─── Data listing

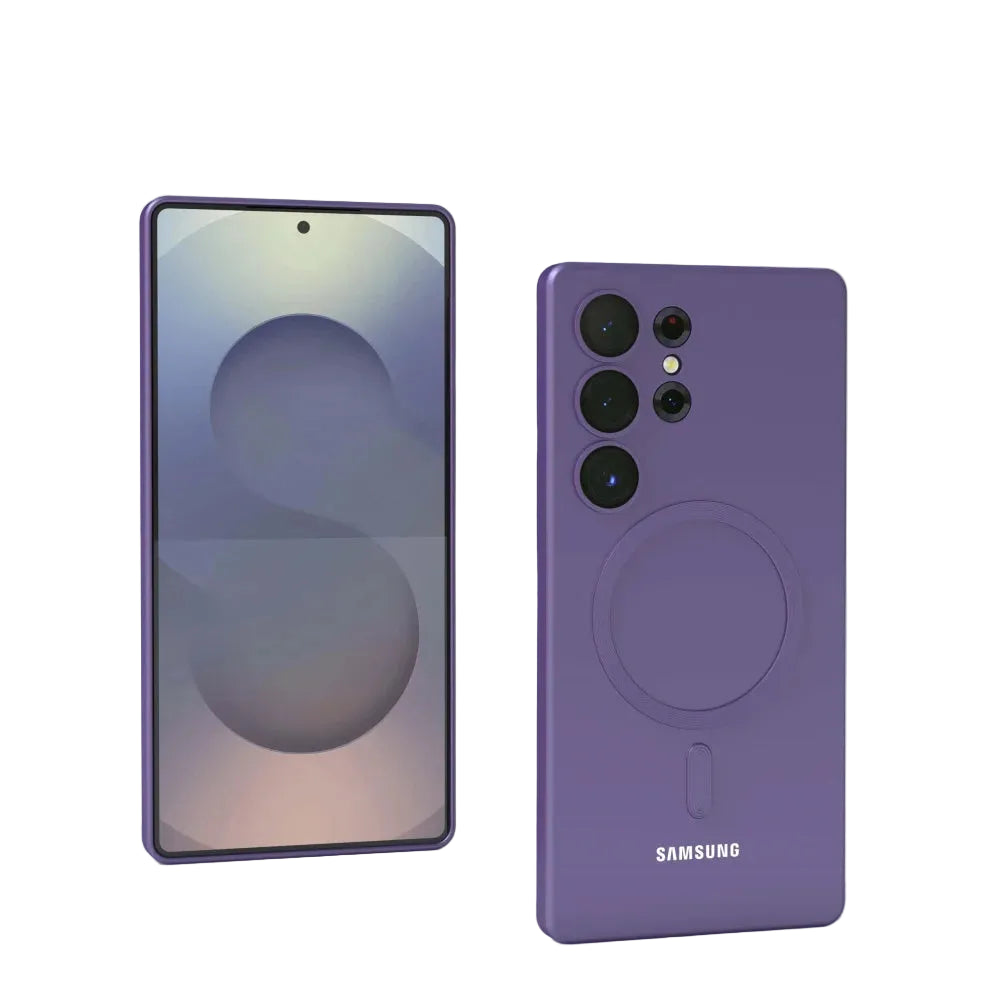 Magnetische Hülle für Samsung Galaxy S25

──────
─── Data listing

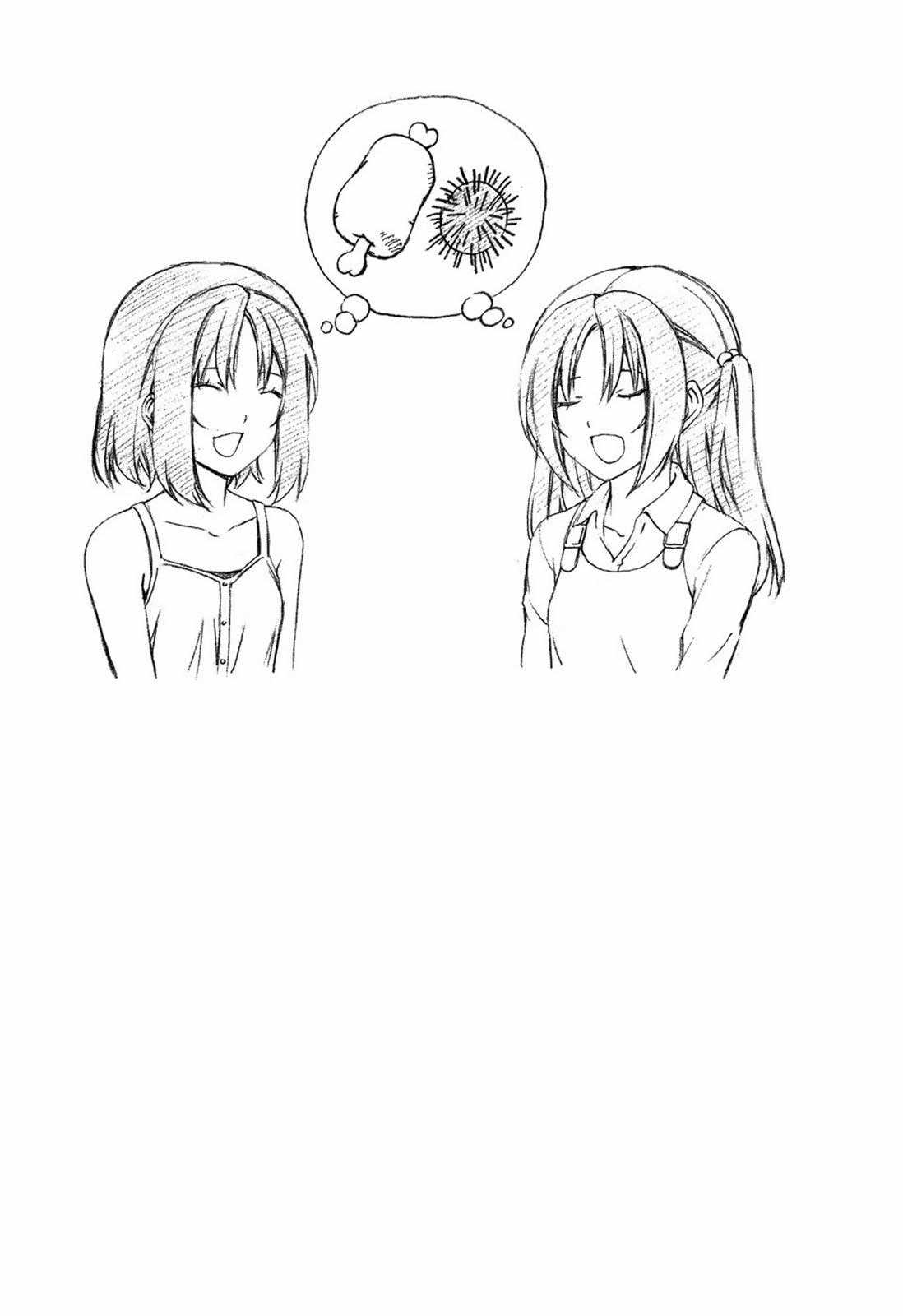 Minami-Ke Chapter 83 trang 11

──────
─── Data listing

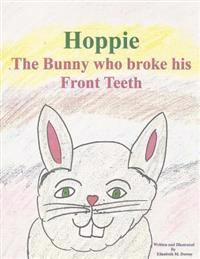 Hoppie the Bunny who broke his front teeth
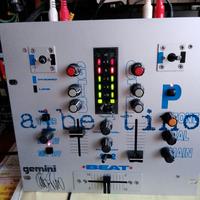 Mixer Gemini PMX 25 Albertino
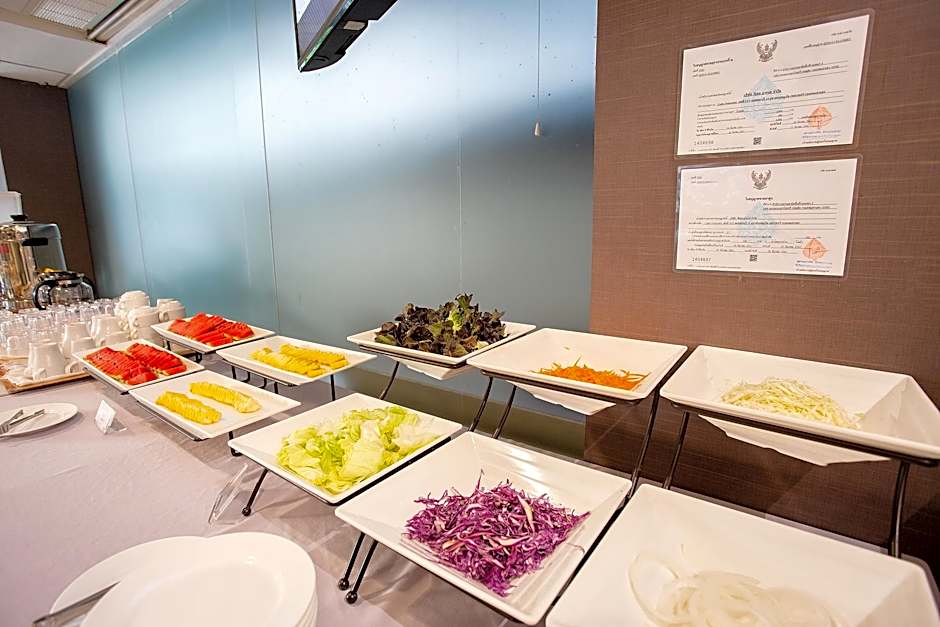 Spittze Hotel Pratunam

──────

### Task prompt
What you write must match the listing exactly, from the line with "Hoppie the Bunny who broke his front teeth" up to and including the line with "Spittze Hotel Pratunam". Pictures stay out.

### Completed exercise
 Hoppie the Bunny who broke his front teeth
 Mixer Gemini PMX 25 Albertino
 Spittze Hotel Pratunam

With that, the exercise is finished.